**EXERCISE DESCRIPTION**
Give back the full listing as written. No pictures go with it.

=== THE DATA ===

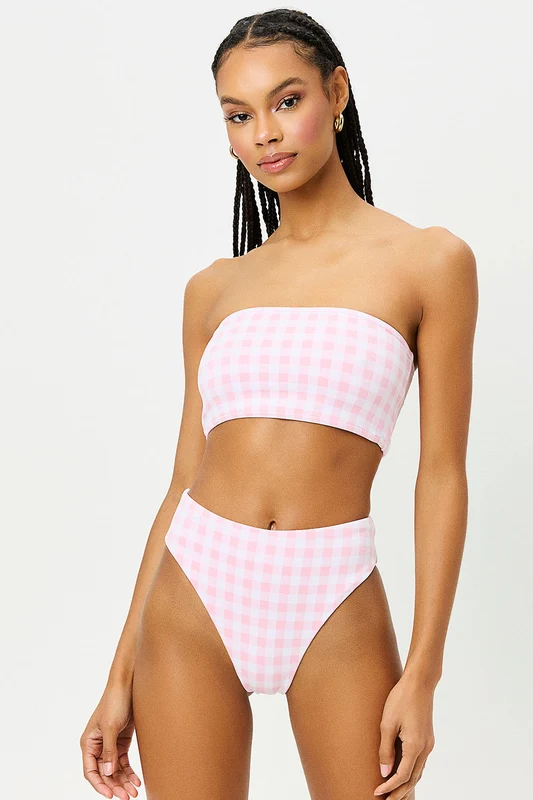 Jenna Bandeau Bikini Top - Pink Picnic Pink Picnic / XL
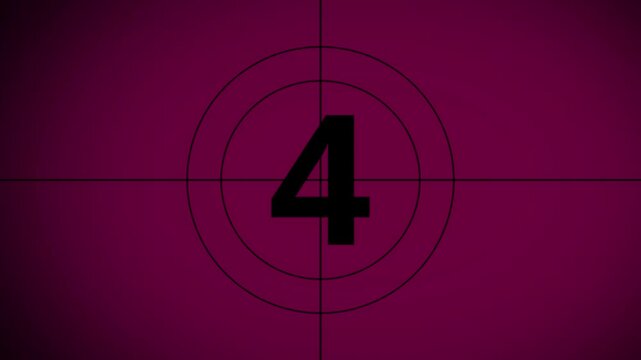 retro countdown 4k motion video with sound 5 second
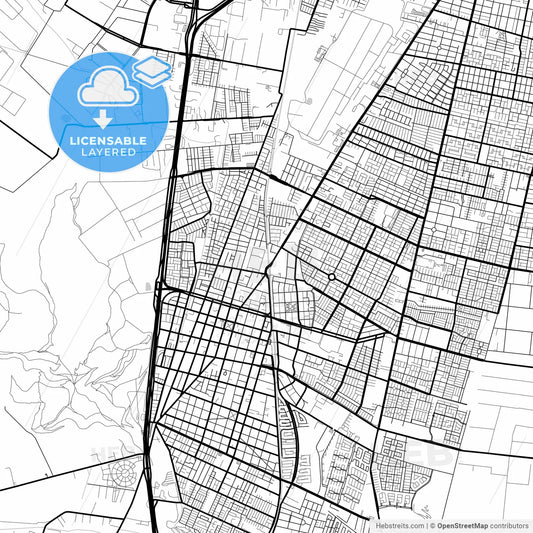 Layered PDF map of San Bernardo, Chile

===

**EXPECTED OUTPUT**
 Jenna Bandeau Bikini Top - Pink Picnic Pink Picnic / XL
 retro countdown 4k motion video with sound 5 second
 Layered PDF map of San Bernardo, Chile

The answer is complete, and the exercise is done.